Sente o papel rugoso contra a pele e afasta-se, sem mais palavras. O carrossel é dos antigos, com cavalos de madeira pintada suspensos num bonito varão, de duas cores entrelaçadas. O toldo é vermelho e branco, como não podia deixar de ser. A criança fica parada, durante várias voltas, a apreciar uma magia que nem toda a gente vê. O colorido veloz brilha nos olhos dela e o bilhete é apertado com as duas mãos, enquanto o boneco de trapos espera, inexpressivo, debaixo do braço esquerdo.

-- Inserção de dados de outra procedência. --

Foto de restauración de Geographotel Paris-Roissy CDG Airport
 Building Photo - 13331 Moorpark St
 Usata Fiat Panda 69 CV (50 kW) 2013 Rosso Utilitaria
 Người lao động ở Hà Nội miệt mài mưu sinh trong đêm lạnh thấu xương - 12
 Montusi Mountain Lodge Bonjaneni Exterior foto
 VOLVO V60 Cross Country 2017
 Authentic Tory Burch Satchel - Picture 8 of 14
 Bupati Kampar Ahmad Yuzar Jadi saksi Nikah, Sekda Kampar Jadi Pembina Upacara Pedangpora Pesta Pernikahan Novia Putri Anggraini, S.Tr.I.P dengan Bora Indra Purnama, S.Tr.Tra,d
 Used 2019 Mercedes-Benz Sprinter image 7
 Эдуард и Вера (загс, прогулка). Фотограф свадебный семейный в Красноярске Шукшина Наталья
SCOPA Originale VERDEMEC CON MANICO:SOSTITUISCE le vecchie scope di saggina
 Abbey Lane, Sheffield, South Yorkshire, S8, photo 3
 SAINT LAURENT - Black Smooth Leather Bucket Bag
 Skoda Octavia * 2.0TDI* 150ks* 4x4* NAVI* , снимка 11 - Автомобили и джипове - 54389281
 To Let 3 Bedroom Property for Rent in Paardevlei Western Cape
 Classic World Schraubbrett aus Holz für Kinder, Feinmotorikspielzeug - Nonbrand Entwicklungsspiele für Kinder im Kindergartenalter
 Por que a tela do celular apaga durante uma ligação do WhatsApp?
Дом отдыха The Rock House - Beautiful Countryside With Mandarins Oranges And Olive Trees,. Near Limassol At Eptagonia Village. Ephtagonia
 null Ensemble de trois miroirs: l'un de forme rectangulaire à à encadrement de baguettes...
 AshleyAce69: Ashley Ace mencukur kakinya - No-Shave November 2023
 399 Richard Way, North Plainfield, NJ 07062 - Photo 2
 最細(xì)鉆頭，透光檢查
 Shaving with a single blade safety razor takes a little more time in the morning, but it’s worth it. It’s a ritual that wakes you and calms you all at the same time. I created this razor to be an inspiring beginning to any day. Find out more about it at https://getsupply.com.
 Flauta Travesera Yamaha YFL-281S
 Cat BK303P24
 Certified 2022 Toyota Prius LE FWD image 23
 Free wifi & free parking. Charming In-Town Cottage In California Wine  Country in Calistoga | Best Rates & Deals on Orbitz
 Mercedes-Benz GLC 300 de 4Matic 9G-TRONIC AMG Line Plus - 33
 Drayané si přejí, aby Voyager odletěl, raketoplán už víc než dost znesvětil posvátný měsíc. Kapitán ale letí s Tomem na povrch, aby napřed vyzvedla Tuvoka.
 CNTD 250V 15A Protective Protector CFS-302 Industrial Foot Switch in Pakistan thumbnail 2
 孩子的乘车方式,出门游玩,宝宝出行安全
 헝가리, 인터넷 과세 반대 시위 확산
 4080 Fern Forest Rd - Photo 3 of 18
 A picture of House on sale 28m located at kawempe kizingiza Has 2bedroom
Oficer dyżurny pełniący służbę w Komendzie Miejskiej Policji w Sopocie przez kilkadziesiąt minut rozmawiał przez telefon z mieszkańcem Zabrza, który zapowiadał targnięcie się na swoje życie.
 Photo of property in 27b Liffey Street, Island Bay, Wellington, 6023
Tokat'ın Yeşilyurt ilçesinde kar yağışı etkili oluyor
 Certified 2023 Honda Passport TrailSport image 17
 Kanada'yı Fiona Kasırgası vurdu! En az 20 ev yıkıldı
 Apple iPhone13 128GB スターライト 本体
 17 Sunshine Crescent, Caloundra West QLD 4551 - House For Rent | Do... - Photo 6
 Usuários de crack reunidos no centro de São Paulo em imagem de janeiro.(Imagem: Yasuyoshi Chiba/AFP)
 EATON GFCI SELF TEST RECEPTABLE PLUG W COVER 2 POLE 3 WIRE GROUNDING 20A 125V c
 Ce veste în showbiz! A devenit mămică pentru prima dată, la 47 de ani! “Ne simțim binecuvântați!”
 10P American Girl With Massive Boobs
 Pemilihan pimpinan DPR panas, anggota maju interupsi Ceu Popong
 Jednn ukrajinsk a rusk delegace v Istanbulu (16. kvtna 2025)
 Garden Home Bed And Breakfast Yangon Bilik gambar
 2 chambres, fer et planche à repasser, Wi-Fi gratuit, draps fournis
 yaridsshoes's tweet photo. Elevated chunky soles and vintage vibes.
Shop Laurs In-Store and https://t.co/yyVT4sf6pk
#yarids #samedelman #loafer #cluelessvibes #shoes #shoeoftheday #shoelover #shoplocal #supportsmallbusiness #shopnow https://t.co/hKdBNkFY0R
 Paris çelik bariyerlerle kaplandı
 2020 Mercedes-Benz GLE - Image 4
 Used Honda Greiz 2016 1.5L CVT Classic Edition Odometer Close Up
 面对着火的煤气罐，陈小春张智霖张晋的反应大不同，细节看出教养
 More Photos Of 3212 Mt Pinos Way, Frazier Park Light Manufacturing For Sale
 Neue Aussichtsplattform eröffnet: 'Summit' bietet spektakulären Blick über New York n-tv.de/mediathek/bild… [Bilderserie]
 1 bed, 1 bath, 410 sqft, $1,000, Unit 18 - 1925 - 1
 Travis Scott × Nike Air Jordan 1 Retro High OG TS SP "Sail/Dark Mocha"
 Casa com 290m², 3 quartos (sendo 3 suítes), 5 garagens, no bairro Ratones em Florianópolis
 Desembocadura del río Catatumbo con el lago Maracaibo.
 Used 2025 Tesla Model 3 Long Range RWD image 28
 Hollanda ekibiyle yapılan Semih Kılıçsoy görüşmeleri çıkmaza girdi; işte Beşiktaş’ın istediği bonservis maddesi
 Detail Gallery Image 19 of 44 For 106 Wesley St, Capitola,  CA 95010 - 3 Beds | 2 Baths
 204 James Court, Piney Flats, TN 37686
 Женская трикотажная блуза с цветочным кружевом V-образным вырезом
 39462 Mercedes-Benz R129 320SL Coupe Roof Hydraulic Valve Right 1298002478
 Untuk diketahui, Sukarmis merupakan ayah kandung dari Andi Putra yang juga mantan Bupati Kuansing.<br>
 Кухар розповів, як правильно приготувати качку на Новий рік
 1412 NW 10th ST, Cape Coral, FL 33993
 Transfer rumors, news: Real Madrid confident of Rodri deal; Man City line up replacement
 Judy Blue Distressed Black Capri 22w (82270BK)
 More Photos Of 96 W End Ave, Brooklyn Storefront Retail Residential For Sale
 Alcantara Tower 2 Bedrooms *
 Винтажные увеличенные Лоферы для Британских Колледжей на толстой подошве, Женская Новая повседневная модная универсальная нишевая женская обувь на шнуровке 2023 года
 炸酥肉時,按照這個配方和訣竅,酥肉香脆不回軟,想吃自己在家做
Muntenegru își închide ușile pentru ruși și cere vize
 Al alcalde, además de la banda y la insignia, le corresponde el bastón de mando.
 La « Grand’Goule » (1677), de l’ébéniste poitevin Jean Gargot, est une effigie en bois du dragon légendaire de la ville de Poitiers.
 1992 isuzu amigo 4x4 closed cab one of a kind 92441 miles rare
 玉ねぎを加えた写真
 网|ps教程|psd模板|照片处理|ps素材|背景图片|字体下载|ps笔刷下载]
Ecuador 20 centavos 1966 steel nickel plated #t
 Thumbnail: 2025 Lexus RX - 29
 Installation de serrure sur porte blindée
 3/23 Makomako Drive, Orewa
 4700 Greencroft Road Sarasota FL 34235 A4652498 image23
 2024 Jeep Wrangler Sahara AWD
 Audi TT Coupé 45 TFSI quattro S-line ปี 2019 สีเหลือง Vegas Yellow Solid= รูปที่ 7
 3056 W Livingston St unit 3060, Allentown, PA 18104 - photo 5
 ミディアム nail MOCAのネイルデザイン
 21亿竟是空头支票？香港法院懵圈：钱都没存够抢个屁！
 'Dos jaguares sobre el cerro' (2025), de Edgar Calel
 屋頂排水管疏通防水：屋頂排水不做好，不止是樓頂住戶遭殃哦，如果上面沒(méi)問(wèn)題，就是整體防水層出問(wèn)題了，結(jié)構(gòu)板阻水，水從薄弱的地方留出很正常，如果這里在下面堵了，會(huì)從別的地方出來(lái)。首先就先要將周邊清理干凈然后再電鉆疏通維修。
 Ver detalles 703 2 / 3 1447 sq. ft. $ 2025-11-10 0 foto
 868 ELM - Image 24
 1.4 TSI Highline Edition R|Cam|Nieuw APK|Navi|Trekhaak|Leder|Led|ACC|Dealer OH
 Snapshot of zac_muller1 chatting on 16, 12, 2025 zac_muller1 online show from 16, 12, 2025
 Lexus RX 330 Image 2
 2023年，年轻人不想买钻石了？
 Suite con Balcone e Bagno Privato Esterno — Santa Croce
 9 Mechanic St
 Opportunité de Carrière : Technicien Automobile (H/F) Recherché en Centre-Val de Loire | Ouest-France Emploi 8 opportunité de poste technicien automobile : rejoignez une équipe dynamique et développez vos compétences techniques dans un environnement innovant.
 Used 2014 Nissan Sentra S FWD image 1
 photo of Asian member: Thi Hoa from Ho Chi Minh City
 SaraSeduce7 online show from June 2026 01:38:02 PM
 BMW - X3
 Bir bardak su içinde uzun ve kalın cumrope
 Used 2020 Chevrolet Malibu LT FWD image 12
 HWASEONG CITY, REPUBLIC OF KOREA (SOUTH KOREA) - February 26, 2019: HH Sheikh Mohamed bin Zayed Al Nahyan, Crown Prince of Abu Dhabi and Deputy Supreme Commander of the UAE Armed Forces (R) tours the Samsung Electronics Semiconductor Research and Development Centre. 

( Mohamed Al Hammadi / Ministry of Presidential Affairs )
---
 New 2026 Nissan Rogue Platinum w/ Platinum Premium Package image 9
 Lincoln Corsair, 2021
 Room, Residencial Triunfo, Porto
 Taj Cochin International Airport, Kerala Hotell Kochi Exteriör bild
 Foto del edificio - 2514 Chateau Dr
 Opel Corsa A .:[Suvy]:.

A hora de jantar aproxima-se e, apesar de ainda haver a claridade do lusco-fusco, o movimento esmorece. O carrossel pára e prepara-se para um intervalo. A menina, que até aí não tinha saído do seu lugar, aproxima-se do maquinista e diz:
“ – Eu ainda não gastei o meu bilhete”.
O senhor, já velhote, derrete-se.
“ – Sobe que eu ligo-o. O motor ainda está quente, não custa nada”.
A menina aproxima-se do cavalo mais pequeno – um pónei, ainda – e prende o boneco a uma das pegas de metal, onde é suposto as crianças medrosas segurarem-se.
“- Então, tu não sobes? Precisas de ajuda?”
“- Ele é que quer andar. Eu só quero ver”.